Really SAVING MONEY is even harder.  That’s when people and companies simply do not spend it. They put it away in a bank, stuff it in the proverbial mattress. Squirrel it away in a jar or a … hmm…piggy bank or equivalent. It’s delayed gratification that is very hard to do, but the reward can be humongous. As Martha Stewart says, “It’s a good thing.” It’s more than that. It’s really good when the company loses a big customer, or if a person can’t work for a while. If that money is available, it can help avoid a bankruptcy. Or survive an emergency. The money is there, and the credit cards are not challenged to see how much they can pick up, like a heavyweight champion with buckled knees and bulging, vein-popping biceps.

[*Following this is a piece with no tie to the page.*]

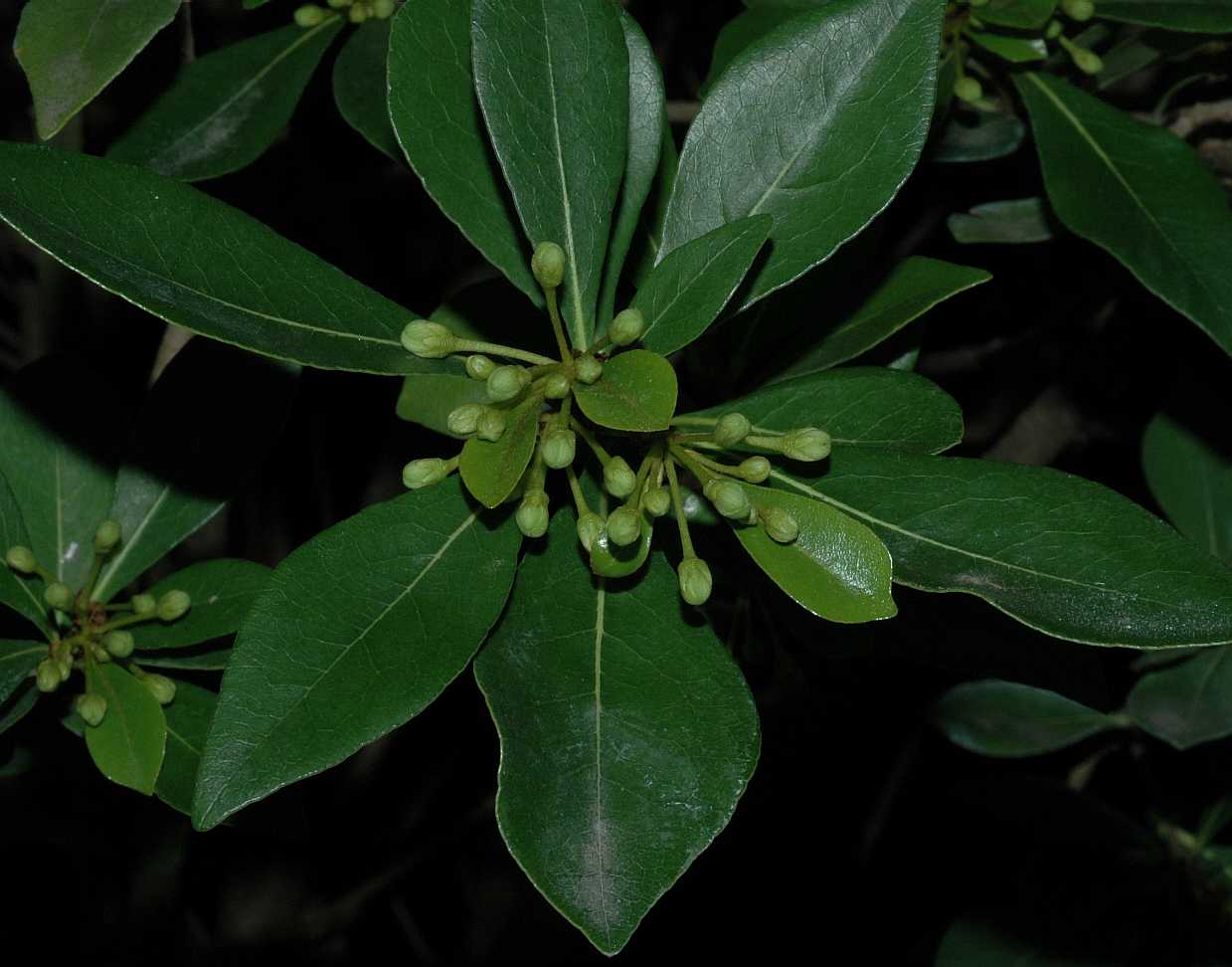 Pittosporaceae Pittosporum heterophyllum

Keeping the goal for the business or for a family always visible is very important. If we are conscious, we’ll hesitate before buying something we don’t need. Taking the money out of everyone’s clutches by having it withdrawn from the checking account automatically is wise for both businesses and individuals. The less liquid it is, the better. Simple savings accounts can even be tempting. Parking the money in a fund of some sort…with penalties if withdrawn, is safer. There should be a very good reason for transferring it back to spend it…an emergency. A REAL EMERGENCY.

People make budgets so they are conscious about what they spend. Businesses make budgets. Disciplined people and profitable businesses stick to them. Spend, yes. But spend wisely. Benjamin Franklin said, “A penny saved is a penny earned.” He was a wise guy.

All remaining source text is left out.